Photo: Harbour Porpoise, Isle of the Arran
They are without doubt an underdog and as such I am naturally drawn to them. Their seemingly shy nature lends itself to my inevitable anthropomorphising but the struggles that they face are more than real. In recent years they have been recorded as victims of attacks by dolphin species, particularly the much larger common bottlenose dolphin. There are images from West Cornwall to Scotland of them being tossed into the air like ragdolls and the Scottish Marine Animal Strandings Scheme say that their necropsies show that between 40-60% of Scottish harbour porpoise strandings have injuries consistent with dolphin attacks. Whilst the likelihood is that these attacks are the result of territorial and resource competition rather than predation, the same can’t be said of the interaction between porpoises and grey seals. In the last decade grey seal predation off the coast of the Netherlands has been identified as one of the major causes of death for harbour porpoise locally. There are also records of similar occurrences in Pembrokeshire in Wales.
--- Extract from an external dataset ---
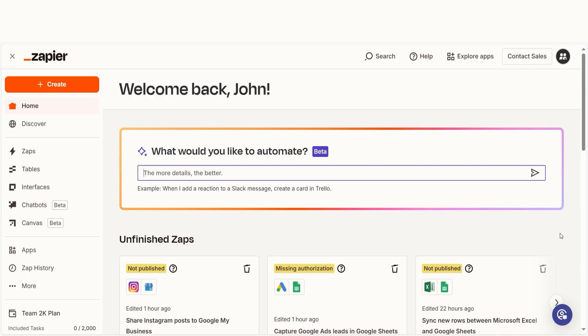In order to get started with this workflow, I need to create a Zap. In Zapier, a Zap is a simple way to connect different apps and make them work together automatically.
Harbour porpoise are also susceptible to incidental bycatch, particularly via entanglement in set gill nets within inshore fisheries. This is an ongoing issue for the population and can lead to localised impacts on populations in some areas. Monofilament gill netting is so fine that it can be almost invisible to fish and often targets similar species to the porpoises’ target prey. It is also a welfare issue for the individual animal. To be caught in one of these nets means an almost certain slow death from drowning. There is ongoing work to mitigate for incidental bycatch, particularly through the use of “pingers” attached to the nets in order to deter the porpoises.
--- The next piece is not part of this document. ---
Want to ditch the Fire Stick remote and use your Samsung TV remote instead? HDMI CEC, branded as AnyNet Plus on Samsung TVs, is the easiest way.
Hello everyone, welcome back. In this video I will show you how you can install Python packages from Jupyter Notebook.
Despite all their tribulations these little creatures continue to determinedly go about their business with almost distain for our presence. We must not forget that they are an extremely successful species in their own right, and as our smallest cetacean in North Atlantic waters that achievement has to be acknowledged. The UK is lucky enough to be situated in prime harbour porpoise territory and we have a duty to conserve the habitat that they rely on.
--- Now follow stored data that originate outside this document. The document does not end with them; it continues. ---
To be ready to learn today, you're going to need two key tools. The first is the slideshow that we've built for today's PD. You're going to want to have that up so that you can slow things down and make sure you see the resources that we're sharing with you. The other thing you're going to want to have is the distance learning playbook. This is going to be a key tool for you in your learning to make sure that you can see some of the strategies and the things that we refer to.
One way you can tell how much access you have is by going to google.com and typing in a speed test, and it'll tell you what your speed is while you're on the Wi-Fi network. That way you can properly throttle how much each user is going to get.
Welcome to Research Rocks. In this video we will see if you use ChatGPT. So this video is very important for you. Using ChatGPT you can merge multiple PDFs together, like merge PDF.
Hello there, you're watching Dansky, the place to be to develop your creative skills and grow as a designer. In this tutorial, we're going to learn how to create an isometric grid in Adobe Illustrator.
Despite unfair stereotypes, harbour porpoises are far from dull, they are in fact, a complex and exciting species that certainly give me great pleasure to watch. Perhaps next time that you are close to the ocean, and it is a millpond flat day (the best for porpoise observation) scan the water and keep an eye out for a tiny dark fin to break the surface as it’s back quietly rolls through the water and maybe you too might fall in love with this lovely wee animal.